McKinley said there are several schools that offer winter driving lessons for drivers that are new Colorado and the snow.

“The schools cover several driving tips and will make you a much safer driver not only for yourself, but those passengers who ride with you as well as the other motorists sharing the road with you,” he said.

He also recommended checking tire pressure regularly, since your tires will lose a pound of tire pressure for every 10 degrees the temperature drops.

As for your vehicle’s overall maintenance, he offered some other pointers.

Have your battery and charging system checked by a trained technician, he said, and make sure your battery and battery cables are in good condition and secure and not frayed.

Check your coolant level in the overflow tank when the engine is cold. If you need to add coolant, a solution of half coolant and half water is best to maintain the antifreeze capability.

Make sure your wiper blades are in good condition and can completely clear the glass with each swipe. Washer fluid is filled with a winter cleaning solution to prevent freezing.

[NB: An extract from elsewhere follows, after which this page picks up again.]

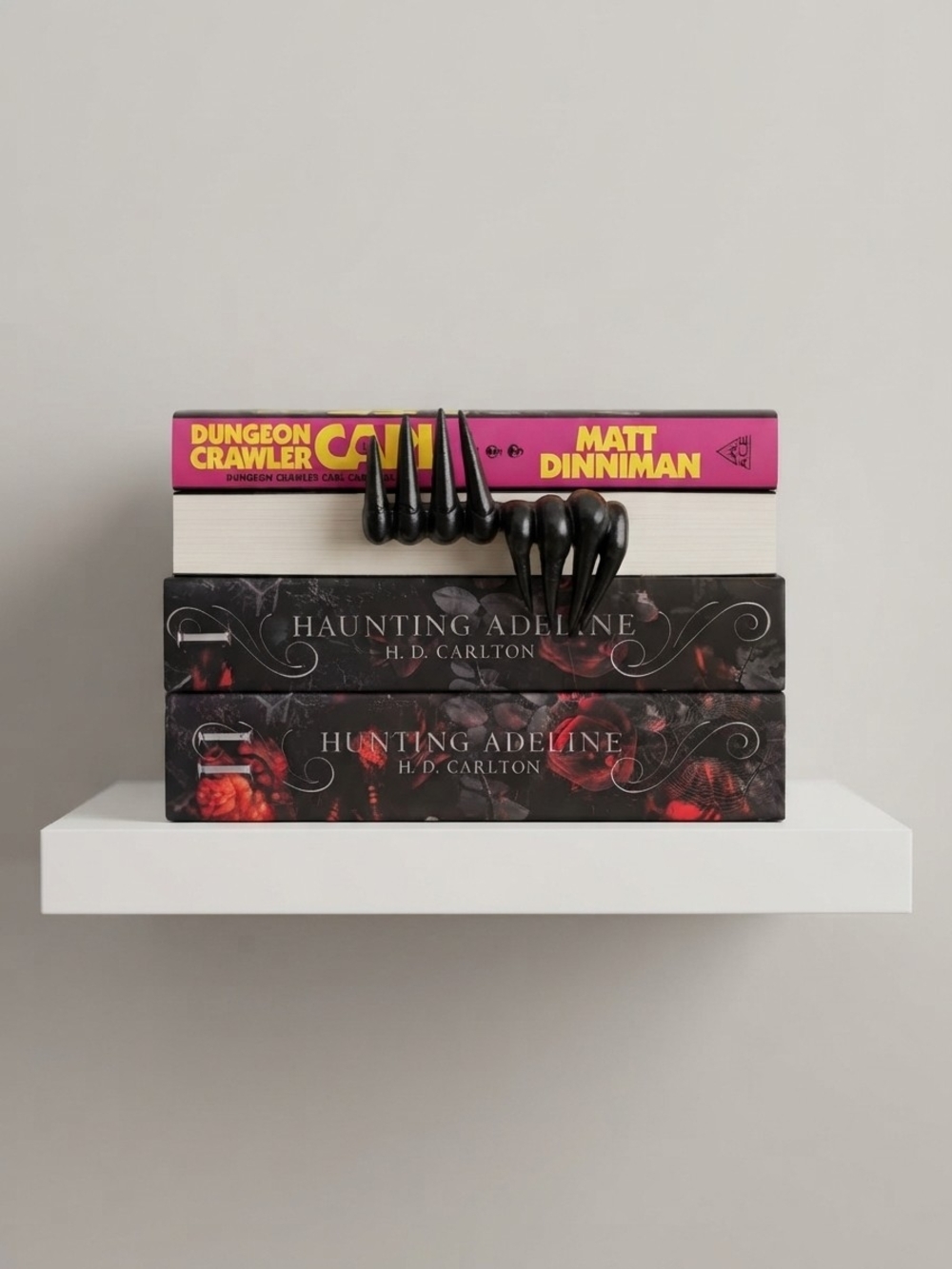 NEW Gothic 3D Demon Hand Resin Bookmark   (0356)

Check your drive belts and make sure they are tight, not cracked or frayed and engine hoses should be securely fastened and not showing any cracks or frays. A good test is to squeeze the hoses and if they are brittle or feel spongy, replace them.

Check all headlights, taillights, brake lights, turn signals, emergency flashers and back-up lights. Replace any that are burnt out.

McKinley also suggested drivers keep a survival kit in their cars. This is a simple kit that will help you maneuver out of the snow quickly and safely without having to call a tow truck or roadside assistance. It is also an essential kit when help is not easily accessible and you could be stranded for a day or longer.